Flexibility no longer a lifestyle choice
Australian work norms have changed completely over the last decade and flexible work is a prime example. Once considered the domain of mothers returning to work part-time, job flexibility is now desired by all sections of the professional workforce. From graduates to parents, from busy singletons to those nearing retirement, an increasing number of professionals are now opting to blend work with travel, voluntary work, elder care or further study.
With co-parenting on the rise and more women taking on the role of primary salary earner, it’s also pretty clear that fathers want to spend more quality time caring for their children and have a fulfilling career too. According to research by the Diversity Council Australia, 64% of men say they would like to choose their start and finish times, 56% would like to work a compressed week, 34% would work some regular hours at home if given the option, and 20% would elect to work part-time in order to have greater work/life balance. Worryingly, 18% of men, including 37% of young fathers (aged under 35) have ‘seriously considered’ leaving an organisation due to lack of flexibility.

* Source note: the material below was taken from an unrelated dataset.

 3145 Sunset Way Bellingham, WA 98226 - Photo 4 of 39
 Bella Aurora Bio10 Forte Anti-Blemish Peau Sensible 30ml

At a later stage, many professionals also prefer reduced work hours during the last 10 years of their careers in order to ease into a more relaxed lifestyle. This trend will only grow as the age of retirement - and our workforce - creeps ever upwards. The fact is the idea of ‘living to work’ is gradually fading from our workforce culture, even in the most demanding professions founded on the 50-hour week and presenteeism. Instead the desire for work/life balance is the new driver for change and it’s here we still have some work to do as a nation. The recent release of the OECD Better Life Index ranks Australia 29 out of 36 countries in the area of work/life balance, behind New Zealand, the UK and Germany.
This got me thinking about the importance of work/life balance and flexibility in our own business. It’s not just the many part-time, contract and temporary assignments we fill across accounting, strategy and finance, technology and wealth management each quarter, but the shape of our own workforce. Flexibility and autonomy are highly prized by our consultants and big part of what attracts them to a career at Marshall McAdam. Mirroring the workforce in general, their reasons are many and varied. Some are co-parenting or pursuing post-graduate studies, while others are simply invested in important side projects like music, sport or travel which reinforces the need for ‘flexibility for all.’
In fact, we’ve built a fantastic team by pursuing an agenda of flexibility for the purpose of achieving high performance – evidently this is reflected in our growth over the last five years and a staff retention rate well above the industry average. My firm belief is organisations that don’t have a strategy in place to find, attract, on-board and retain talented people who want flexible work arrangements, will simply miss out on access to a growing part of the talent pool in the future.